Understanding Kendall's Tau

My notes from a deep dive into Kendall's Tau coefficient

By Gabriel Selzer 1/13/2026

Penny, a gray and white tabby cat looking into the camera, laying on the floor with a pink ball between her paws. — Penny playing with the Ball, her (current) favorite toy.

In my spare time I’ve been helping out my colleague Ed Evans with performance improvements to his Rust-based image processing library imgal. A few weeks ago I discovered a bug in its implementation of Kendall’s Tau coefficient. Having little statistical background, I found the source material on Kendall’s Tau, and all of its variants, rather obtuse for my brain. What I really wanted was intuition - not just the formulas that are readily available, but a clear understanding of how a coefficient is derived from the data. If such intuition exists on the internet, I couldn’t find it.
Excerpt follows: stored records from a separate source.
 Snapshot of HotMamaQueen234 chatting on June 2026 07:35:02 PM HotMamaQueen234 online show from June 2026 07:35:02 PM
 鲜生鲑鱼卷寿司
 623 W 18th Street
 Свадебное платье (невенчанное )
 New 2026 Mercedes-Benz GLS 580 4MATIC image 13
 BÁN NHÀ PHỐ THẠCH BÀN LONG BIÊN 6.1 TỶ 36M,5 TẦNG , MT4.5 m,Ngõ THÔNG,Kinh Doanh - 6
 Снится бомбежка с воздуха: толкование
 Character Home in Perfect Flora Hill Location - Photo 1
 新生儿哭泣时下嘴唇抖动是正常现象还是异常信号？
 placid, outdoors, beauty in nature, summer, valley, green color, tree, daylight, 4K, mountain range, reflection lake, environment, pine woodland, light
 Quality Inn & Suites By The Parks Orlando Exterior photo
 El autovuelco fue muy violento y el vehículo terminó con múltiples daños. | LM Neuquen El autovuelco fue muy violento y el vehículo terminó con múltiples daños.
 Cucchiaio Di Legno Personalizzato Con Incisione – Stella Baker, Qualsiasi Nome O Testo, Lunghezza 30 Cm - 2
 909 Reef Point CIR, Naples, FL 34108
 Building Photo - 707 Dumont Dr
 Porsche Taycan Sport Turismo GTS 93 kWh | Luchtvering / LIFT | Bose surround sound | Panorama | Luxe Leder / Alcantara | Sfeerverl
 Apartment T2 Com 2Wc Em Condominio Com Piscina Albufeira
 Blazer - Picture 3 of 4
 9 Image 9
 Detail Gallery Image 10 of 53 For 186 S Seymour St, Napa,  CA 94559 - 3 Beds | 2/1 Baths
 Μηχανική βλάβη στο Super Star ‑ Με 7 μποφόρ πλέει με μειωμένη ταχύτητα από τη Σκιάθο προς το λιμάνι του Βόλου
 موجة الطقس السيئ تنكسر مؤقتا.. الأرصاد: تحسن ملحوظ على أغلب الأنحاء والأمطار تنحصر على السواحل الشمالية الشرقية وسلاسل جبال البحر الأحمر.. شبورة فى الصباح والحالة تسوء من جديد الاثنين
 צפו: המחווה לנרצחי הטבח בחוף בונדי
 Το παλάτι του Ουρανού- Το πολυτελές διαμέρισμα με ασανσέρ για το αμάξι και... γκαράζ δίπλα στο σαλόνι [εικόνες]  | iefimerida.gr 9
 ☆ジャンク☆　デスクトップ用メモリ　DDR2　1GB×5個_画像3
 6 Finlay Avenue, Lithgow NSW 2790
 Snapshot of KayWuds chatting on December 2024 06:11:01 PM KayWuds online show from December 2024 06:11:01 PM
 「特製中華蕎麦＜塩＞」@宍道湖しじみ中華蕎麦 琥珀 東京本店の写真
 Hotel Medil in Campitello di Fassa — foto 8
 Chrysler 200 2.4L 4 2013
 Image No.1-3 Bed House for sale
My goal with this blog post is to encapsulate the knowledge and intuition I gained about Kendall’s Tau and its variants - as such, there are sections describing the actual equations, as well as examples I crafted about my cats to build my own intuition. At the end, I also wrote a bit about how imgal actually uses Kendall’s Tau, and why the variants are necessary over its basic form. Hopefully, this saves others the investment I made into learning these algorithms.

Kendall’s Tau

Suppose you have two cats, Lucy and Penny, who each rank their four toys by preference:

Toy	Lucy	Penny
String	1	2
Ball	2	1
Laser	3	3
Mouse	4	4

Do they have similar preferences overall? As a cat owner, if they agree, you can focus on buying the types they both enjoy. If they disagree, you’ll need more variety. Measuring this kind of agreement between rankings is called rank correlation, and Kendall’s Tau coefficient is one way to quantify it.

The Formula

Kendall’s algorithm [1] compares pairs of toys. For each pair $(i, j)$ , it asks: “if Lucy ranked toy $i$ better than toy $j$ , did Penny also rank toy $i$ better?” If so, that pair is concording; if not, it is discording. Kendall’s Tau is:

\tau=\frac{(\text{number of concording pairs} - \text{number of discording pairs})}{\text{total number of pairs}}

This same formula appears in formal notation on Wikipedia:

\begin{align*} \text{Ranking 1}&=(x_1, ..., x_n) \\ \text{Ranking 2}&=(y_1, ..., y_n) \\ \tau&=\frac{2}{n(n-1)}\sum_{i\lt j}\text{sgn}(x_i-x_j)\text{sgn}(y_i-y_j). \end{align*}

Note the three distinct parts of this formula:

$\text{sgn}(x_i-x_j)\text{sgn}(y_i-y_j)$ determines if pair $(i,j)$ is concording (+1) or discording (-1)
$\sum_{i< j}$ sums over all unique pairs
The denominator $\frac{n(n-1)}{2}$ is the binomial coefficient - the total number of pairs

Note that these two formulas are really just describing the same thing. You find all unique pairs, find the difference between the number of concording and discording pairs, and divide by the total.

Example

Let’s compute Kendall’s Tau for the cats’ toy preferences. For each pair, we can determine concordance by comparing the rankings against the original table:

Pair `(i, j)`	Did Lucy like `i` better?	Did Penny like `i` better?	Concording?
(String, Ball)	Yes	No	No
(String, Laser)	Yes	Yes	Yes
(String, Mouse)	Yes	Yes	Yes
(Ball, Laser)	Yes	Yes	Yes
(Ball, Mouse)	Yes	Yes	Yes
(Laser, Mouse)	Yes	Yes	Yes

We have 5 concording pairs, and 1 discording pair, yielding

\tau=\frac{(\text{5} - \text{1})}{\text{6}}=\frac{2}{3}

Now that we have a value, all that is left is to map it to meaning!

Intuition

To build intuition for what different tau values mean, let’s consider three extreme scenarios.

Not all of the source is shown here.